TASK OBJECTIVE: Lines of the material that include the word "featuring" are to be counted; only their number should be given.

[[ PROVIDED INFORMATION open ]]

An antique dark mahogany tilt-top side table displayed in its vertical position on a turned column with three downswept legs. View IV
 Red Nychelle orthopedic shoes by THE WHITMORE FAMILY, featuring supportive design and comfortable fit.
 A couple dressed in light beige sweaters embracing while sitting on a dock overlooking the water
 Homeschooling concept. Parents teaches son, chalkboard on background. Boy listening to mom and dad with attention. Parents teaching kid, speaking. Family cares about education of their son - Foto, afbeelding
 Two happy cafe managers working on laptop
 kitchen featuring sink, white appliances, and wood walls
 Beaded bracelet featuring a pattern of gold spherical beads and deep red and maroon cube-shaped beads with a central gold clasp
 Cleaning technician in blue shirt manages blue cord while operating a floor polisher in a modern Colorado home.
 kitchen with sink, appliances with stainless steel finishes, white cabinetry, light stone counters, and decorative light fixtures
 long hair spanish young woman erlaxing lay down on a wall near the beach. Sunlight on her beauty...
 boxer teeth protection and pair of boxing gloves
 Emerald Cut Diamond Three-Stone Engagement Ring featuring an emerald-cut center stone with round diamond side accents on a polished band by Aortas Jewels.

[[ PROVIDED INFORMATION closed ]]

ANSWER SECTION: 4